Dia mengatakan bahwa reformasi yang
dialami Indonesia membuat Pemerintah lemah dan rakyat kuat sehingga
seakan-akan berlaku hukum rimba. "Berkembanglah premanisme putih dan
hitam di tengah-tengah masyarakat kita," katanya.
Sementara itu, pendeta DR Joas Adiprasetyo
mengatakan bahwa dialog antariman harus dibarengi dengan dua hal yakni
persahabatan dengan orang yang berbeda iman dan kesediaan untuk
menghargai perbedaan iman orang lain sebagai pihak yang tidak pernah
direngkuh sepenuhnya.
Dia mengharapkan dialog ini tidak saja
merupakan kegiataan yang dibuat-buat tetapi muncul dari persahabatan di
kalangan akar rumput.
Prof Jamhari menyampaikan bahwa dialog
antariman yang dilakukan oleh indonesia sudah dinilai bagus walaupun
masih ada kasus-kasus yang harus diselesaikan.
"Karena sudah menjadi perhatian dunia maka
perlu disikapi salah satunya dengan memperbaiki regulasi di Indonesia
yang berkaitan dengan agama yang tidak kompatibel dengan isu-isu hak
asasi manusia dan kebebasan beragama," kata dia.
Dia juga mengatakan Mukti Ali, Nurcholish
Majid dan KH Abdurrahman Wahid termasuk tokoh Islam yang telah berjasa
mempelopori dialog antariman.
Dalam makalahnya berjudul "From the
Experience of Catholic Minority", Prof DR Antonius Eddy Kristiyanto
mempertanyakan data mengenai jumlah penganut Katholik di Indonesia.
Menurut dia, data resmi yang disampaikan Pemerintah berbeda dari data
yang dikeluarkan 37 Keuskupan di Indonesia.
"Walau data berbeda, para misionaris akan tetap berperan di bidang layanan pendidikan, kesehatan dan sosial," katanya.

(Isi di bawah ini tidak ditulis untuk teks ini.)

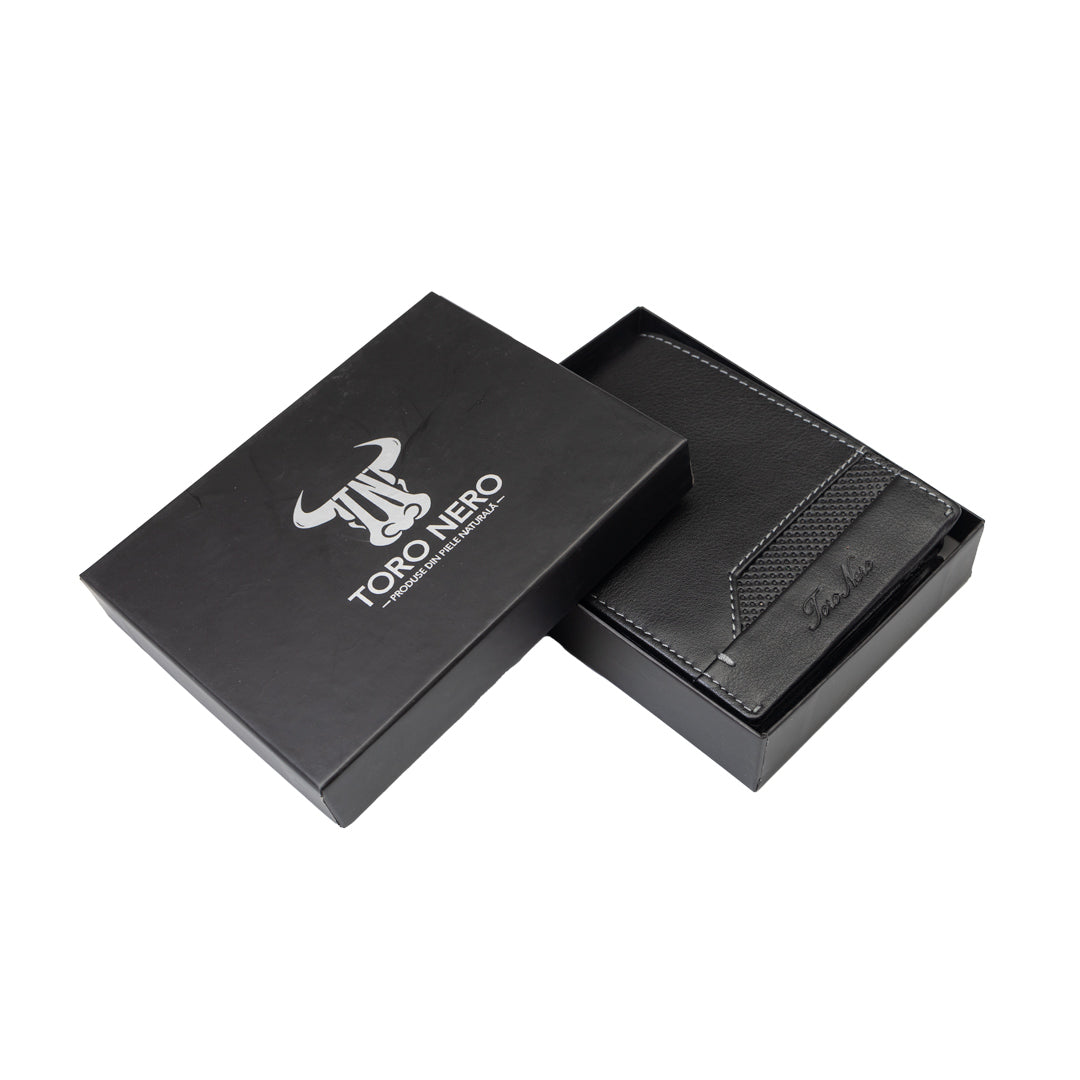 Herren-Brieftasche aus echtem Leder schwarz-line Vox, RFID-Schutz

Dia juga mengatakan sebagai minoritas di
Indonesia, para penganut Katholik berterima kasih kepada pemerintah
karena telah menjadikan Pancasila sebagai rumah bersama. "Yang menjadi
tantangan saat ini adalah bagaimana menjadikan 100 persen Indonesia dan
100 persen Katholik," kata Romo Eddy.
Konsul Jenderal RI San Fransisco, Asianto
Sinambela dan lebih 50 mahasiswa tingkat pascasarjana dan sarjana UCB
menghadiri kuliah umum dengan moderator Ketua CSEAS DR Jeffrey Hadler.